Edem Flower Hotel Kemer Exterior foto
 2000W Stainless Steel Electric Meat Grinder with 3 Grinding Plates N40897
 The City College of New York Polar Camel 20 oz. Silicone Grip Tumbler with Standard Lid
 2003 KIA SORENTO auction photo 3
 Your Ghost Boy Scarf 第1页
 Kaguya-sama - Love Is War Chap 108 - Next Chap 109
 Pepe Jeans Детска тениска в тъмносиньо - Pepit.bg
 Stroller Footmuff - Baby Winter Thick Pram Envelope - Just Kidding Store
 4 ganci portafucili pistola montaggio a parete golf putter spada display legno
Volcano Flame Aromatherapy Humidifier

Task directions: Report each line in the data that holds the word "with".

Solution:
 2000W Stainless Steel Electric Meat Grinder with 3 Grinding Plates N40897
 The City College of New York Polar Camel 20 oz. Silicone Grip Tumbler with Standard Lid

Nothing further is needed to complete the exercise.